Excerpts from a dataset
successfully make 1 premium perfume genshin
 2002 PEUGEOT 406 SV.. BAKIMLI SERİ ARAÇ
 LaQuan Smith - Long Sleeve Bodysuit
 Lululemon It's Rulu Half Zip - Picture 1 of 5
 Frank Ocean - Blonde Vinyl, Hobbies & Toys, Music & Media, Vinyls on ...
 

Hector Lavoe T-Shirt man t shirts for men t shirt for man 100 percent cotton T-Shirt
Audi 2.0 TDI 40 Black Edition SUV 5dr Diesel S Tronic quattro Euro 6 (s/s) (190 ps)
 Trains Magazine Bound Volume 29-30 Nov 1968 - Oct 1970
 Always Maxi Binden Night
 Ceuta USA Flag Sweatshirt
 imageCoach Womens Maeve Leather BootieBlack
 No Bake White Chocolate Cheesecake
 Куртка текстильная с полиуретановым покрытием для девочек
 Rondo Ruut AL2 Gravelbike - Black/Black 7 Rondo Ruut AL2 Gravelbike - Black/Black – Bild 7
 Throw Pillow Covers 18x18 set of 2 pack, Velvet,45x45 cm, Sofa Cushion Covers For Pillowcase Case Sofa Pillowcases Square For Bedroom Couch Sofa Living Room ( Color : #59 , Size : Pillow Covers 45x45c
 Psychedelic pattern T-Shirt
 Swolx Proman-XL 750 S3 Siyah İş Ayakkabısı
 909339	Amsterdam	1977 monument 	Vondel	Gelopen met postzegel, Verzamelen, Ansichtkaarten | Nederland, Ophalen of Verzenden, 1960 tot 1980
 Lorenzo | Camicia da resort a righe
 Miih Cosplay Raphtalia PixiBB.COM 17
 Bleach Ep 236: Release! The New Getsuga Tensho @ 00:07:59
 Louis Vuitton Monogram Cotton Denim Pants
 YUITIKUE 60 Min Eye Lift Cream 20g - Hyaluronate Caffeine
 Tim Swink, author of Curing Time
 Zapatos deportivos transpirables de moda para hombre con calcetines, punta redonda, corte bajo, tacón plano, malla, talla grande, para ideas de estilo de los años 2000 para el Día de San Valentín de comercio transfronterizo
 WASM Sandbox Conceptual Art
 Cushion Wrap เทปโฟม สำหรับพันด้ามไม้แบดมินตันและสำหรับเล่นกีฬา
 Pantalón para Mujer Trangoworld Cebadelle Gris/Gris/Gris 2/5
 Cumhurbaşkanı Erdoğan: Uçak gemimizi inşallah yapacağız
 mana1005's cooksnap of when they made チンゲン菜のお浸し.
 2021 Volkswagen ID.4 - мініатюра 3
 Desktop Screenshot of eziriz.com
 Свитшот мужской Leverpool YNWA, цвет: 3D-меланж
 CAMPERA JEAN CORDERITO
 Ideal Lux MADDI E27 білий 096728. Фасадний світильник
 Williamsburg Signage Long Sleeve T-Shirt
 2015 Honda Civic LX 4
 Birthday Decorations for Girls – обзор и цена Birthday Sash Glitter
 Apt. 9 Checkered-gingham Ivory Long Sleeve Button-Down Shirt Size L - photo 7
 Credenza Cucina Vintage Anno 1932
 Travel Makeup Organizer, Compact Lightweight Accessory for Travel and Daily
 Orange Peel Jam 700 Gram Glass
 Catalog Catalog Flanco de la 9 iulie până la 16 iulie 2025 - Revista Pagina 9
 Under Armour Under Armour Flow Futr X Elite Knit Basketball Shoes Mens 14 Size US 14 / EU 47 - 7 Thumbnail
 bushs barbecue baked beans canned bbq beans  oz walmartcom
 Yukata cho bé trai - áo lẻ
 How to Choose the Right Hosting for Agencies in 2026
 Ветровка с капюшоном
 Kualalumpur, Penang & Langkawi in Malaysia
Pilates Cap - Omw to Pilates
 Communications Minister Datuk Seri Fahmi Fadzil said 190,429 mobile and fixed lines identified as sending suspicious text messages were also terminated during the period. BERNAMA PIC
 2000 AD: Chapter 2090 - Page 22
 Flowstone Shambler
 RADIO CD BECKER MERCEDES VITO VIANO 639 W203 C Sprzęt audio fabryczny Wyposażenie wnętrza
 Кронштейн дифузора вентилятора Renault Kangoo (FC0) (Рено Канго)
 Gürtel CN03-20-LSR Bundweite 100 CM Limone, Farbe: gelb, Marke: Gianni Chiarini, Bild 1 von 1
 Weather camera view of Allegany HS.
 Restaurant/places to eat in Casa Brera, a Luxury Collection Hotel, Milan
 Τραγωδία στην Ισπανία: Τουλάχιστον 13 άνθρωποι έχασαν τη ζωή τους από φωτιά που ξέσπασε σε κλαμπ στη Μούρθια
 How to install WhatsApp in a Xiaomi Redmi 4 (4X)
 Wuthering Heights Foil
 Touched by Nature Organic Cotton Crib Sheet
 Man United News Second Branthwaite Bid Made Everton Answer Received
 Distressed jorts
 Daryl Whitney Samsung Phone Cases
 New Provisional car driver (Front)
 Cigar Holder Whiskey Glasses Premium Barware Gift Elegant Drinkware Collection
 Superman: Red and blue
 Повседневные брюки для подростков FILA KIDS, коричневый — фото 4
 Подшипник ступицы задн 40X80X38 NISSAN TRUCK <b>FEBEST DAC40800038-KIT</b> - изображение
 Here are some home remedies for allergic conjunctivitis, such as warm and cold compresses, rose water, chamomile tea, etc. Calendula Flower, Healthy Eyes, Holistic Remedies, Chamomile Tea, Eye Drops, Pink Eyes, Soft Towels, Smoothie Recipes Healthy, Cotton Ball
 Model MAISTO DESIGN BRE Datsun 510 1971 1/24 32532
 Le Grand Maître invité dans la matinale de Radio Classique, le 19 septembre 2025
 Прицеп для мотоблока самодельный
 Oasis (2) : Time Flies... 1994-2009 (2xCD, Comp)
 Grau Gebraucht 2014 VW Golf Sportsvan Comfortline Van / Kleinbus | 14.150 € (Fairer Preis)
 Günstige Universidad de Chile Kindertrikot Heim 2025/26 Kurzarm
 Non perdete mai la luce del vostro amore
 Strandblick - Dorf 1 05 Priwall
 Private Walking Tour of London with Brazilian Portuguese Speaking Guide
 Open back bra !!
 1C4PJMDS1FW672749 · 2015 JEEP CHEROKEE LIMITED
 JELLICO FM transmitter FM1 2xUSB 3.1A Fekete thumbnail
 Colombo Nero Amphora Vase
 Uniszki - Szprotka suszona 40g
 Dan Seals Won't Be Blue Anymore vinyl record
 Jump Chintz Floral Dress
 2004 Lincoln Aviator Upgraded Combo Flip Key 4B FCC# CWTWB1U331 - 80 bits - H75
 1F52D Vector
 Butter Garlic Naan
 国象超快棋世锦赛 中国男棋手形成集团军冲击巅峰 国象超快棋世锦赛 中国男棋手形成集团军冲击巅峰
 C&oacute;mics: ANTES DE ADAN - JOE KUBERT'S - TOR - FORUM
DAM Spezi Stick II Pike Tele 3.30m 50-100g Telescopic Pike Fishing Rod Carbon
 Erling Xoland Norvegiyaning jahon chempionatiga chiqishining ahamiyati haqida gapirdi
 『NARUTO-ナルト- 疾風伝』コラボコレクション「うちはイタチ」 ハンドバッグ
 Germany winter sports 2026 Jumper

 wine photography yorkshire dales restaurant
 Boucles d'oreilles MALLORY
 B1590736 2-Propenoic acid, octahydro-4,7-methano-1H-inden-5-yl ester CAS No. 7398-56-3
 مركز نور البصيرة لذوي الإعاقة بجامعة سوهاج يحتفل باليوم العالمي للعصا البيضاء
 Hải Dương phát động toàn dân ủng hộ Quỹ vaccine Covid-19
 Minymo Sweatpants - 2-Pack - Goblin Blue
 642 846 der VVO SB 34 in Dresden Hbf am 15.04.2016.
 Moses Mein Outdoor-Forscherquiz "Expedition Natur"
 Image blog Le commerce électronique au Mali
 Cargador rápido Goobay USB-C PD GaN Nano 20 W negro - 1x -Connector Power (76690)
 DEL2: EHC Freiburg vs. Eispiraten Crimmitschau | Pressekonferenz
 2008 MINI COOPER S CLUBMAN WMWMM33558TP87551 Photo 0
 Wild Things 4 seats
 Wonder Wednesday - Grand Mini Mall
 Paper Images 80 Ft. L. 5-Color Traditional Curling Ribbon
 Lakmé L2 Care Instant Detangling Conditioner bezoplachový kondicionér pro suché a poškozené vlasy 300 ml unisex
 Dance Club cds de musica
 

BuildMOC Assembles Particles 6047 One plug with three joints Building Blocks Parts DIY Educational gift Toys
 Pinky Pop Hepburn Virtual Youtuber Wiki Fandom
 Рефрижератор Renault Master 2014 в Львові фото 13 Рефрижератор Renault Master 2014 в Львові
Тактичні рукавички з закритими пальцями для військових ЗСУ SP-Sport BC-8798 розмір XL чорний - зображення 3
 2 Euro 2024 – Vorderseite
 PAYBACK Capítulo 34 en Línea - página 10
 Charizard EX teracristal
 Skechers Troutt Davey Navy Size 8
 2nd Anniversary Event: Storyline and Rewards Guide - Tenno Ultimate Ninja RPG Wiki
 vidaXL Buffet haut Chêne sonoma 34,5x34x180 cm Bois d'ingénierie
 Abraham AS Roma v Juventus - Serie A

• Work required
Given the data above, transcribe exactly the lines from the one containing "Lululemon It's Rulu" down to the one containing "WASM Sandbox Conceptual Art", and no others.

• Exercise answer
 Lululemon It's Rulu Half Zip - Picture 1 of 5
 Frank Ocean - Blonde Vinyl, Hobbies & Toys, Music & Media, Vinyls on ...
 

Hector Lavoe T-Shirt man t shirts for men t shirt for man 100 percent cotton T-Shirt
Audi 2.0 TDI 40 Black Edition SUV 5dr Diesel S Tronic quattro Euro 6 (s/s) (190 ps)
 Trains Magazine Bound Volume 29-30 Nov 1968 - Oct 1970
 Always Maxi Binden Night
 Ceuta USA Flag Sweatshirt
 imageCoach Womens Maeve Leather BootieBlack
 No Bake White Chocolate Cheesecake
 Куртка текстильная с полиуретановым покрытием для девочек
 Rondo Ruut AL2 Gravelbike - Black/Black 7 Rondo Ruut AL2 Gravelbike - Black/Black – Bild 7
 Throw Pillow Covers 18x18 set of 2 pack, Velvet,45x45 cm, Sofa Cushion Covers For Pillowcase Case Sofa Pillowcases Square For Bedroom Couch Sofa Living Room ( Color : #59 , Size : Pillow Covers 45x45c
 Psychedelic pattern T-Shirt
 Swolx Proman-XL 750 S3 Siyah İş Ayakkabısı
 909339	Amsterdam	1977 monument 	Vondel	Gelopen met postzegel, Verzamelen, Ansichtkaarten | Nederland, Ophalen of Verzenden, 1960 tot 1980
 Lorenzo | Camicia da resort a righe
 Miih Cosplay Raphtalia PixiBB.COM 17
 Bleach Ep 236: Release! The New Getsuga Tensho @ 00:07:59
 Louis Vuitton Monogram Cotton Denim Pants
 YUITIKUE 60 Min Eye Lift Cream 20g - Hyaluronate Caffeine
 Tim Swink, author of Curing Time
 Zapatos deportivos transpirables de moda para hombre con calcetines, punta redonda, corte bajo, tacón plano, malla, talla grande, para ideas de estilo de los años 2000 para el Día de San Valentín de comercio transfronterizo
 WASM Sandbox Conceptual Art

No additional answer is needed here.